When performing competitor analysis, you have to assess your competitors’ strengths and weaknesses in relation to a particular bid, customer or market area. If you just look at them in a vacuum, without considering how well they can do a particular job for a specific customer, you could overlook a golden opportunity to demonstrate why you’re the better candidate. You have to factor in the circumstances, because they always dictate who the stronger opponent is. For instance, if you’re an intelligent, petite guy facing off against a big, dumb brute who’s ripped, should you be worried? That depends; are you fighting him, vying for a job that requires heavy lifting, comparing wits, or seeing who’s best suited to squeeze into a tight space? In the latter two situations, you’d have the upper hand, regardless of how physically strong your opponent is. The bottom line is that you can’t assess your competitors’ abilities and develop a plan to beat them without taking all factors into account, including what your customer wants.

Business Development 101 tells us that the customer defines the parameters of strengths and weaknesses. Business Development 201 reminds us that a government customer is not an individual; a government customer is a group of people who may or may not share the same perspective on strengths and weaknesses. To understand what strengths and weaknesses matter to them, you have to first understand the customer group. Since you are on your game and working up front and early, the multi-faceted customer likely won’t have closed ranks on strength parameters yet. They could be numerous and, worse yet, conflict with what you plan to offer. You have to open a dialog with your customer and start feeling out what matters most to them as early as possible so you can assess your competition and start formulating a plan of attack.

Why can’t you accurately assess, let alone combat, your competition until you know what strengths a customer desires? Here’s an example to illustrate: Suppose a competitor has a portfolio of plain vanilla current and past projects executed by sheep—i.e. work that just “keeps the lights on.” Is that a weakness? They don’t have an innovation program or multiple patents like you do, so you might be happy about their ho-hum past performance and capabilities. What if the program manager for the customer in question likes to exercise a lot of control over contract work, though? Maybe the customer equates “leading-edge” to “experimental” and doesn’t want firms testing new ideas out on their program. When you take risk-averse “placeholder” customer leadership into account, the sheep you’re facing off against start to look like pretty strong competitors after all. It just goes to show that you can’t wave off any competitor as a non-threat until you know exactly what your customer wants.

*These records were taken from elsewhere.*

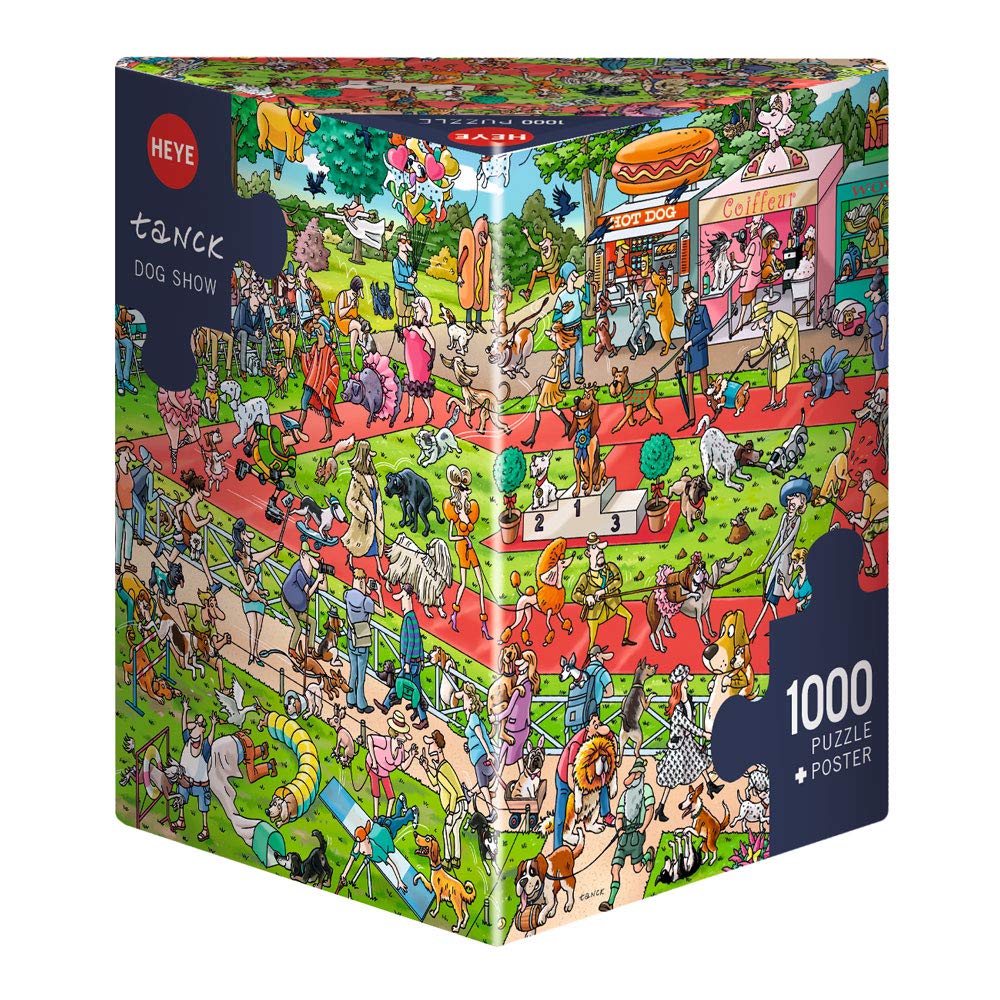 Heye 29788 Dog Show Triangular, Birgit Tankc With Poster Jigsaw Puzzle 1000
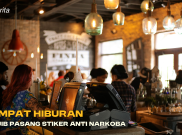 Tempat Hiburan Wajib Pasang Stiker Anti Narkoba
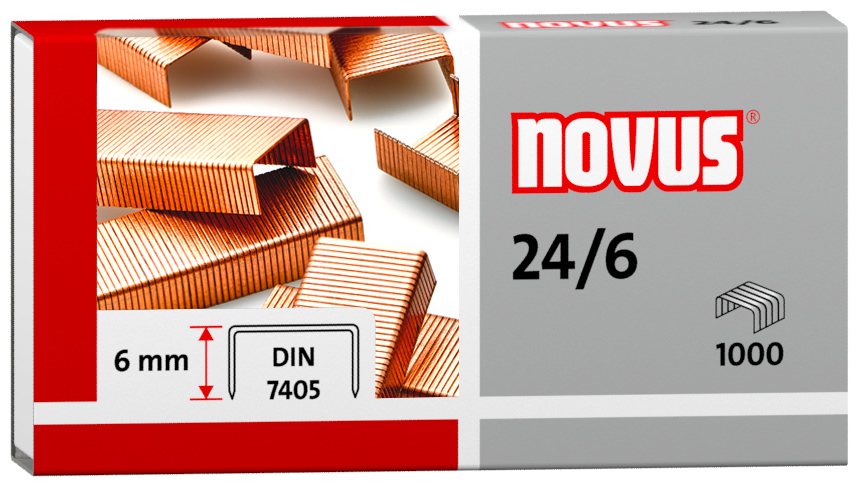 Zszywki 24/6 (1000) Novus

Finding out what strengths matter most to your customer will help you get a read on the threat level your competitors pose, but your analysis can’t stop there. Once you figure out what strengths the customer cares about, you have to solve two more riddles: (1) What indicators demonstrate the desired parameters? (2) Where do you look to find those indicators?

When attempting to answer those questions and see where you stand relative to your competitors, creativity is essential. You have to think about all the different places you might be able to get the answers you seek. For instance, let’s say you learn that your customer is concerned about strength in cyber security and favors a defensive rather than an offensive approach. What indicators would tell them that an offeror is aligned with those sentiments? For one, they could look at the past experience of key employees. Within their resumes, work history or projects, references to penetration testing certifications could indicate strength in offensive cyber security, whereas BigFix software qualifications might indicate a defensive cyber security strength or focus.

Figuring out what strengths a future customer thinks are important and what indicators they may use to decide that a firm has those strengths are important parts of competitive analysis. However, you have to dig even deeper if you want to find an angle that will give you a competitive edge. Think carefully about the questions you need to ask, find the answers, and build on those insights. The goal is to get beyond what your competitors have done and figure out what they can do, as well as what drives them to do it.